Top of Data to examine

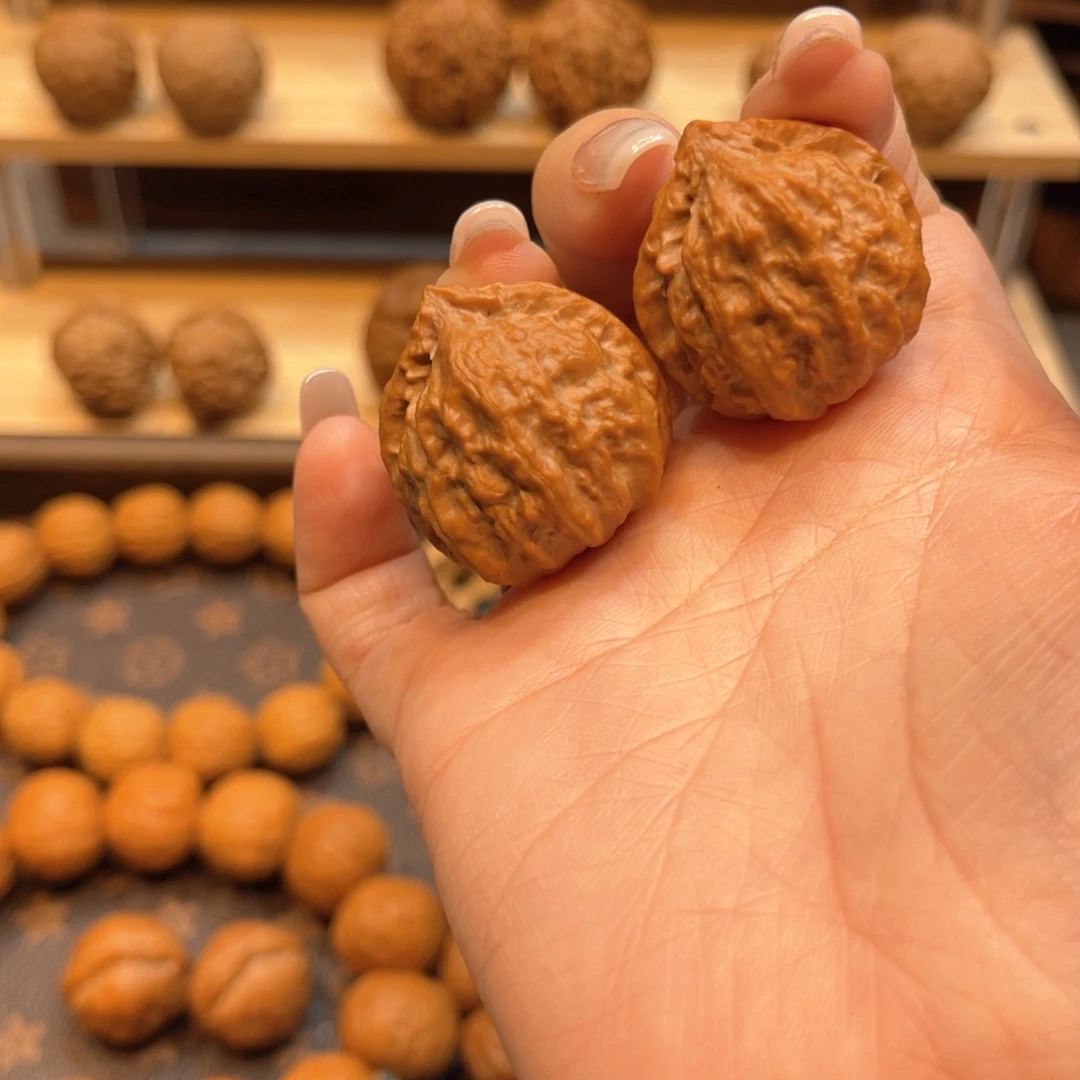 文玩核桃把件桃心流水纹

Bottom of Data to examine
Top of Data to examine

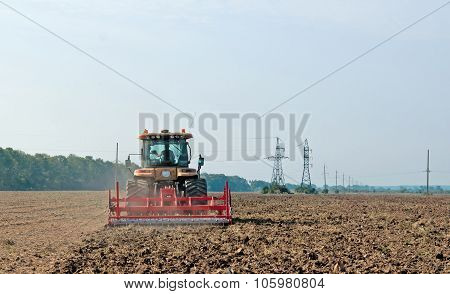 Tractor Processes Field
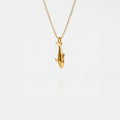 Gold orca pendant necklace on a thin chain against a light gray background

Bottom of Data to examine

[Your goal]: Only the lines starting at the one with "Tractor Processes Field" and ending at the one with "Gold orca pendant" should be printed, each exactly as it appears in the material above; the pictures are to be omitted.

[Task output]:
 Tractor Processes Field
 Gold orca pendant necklace on a thin chain against a light gray background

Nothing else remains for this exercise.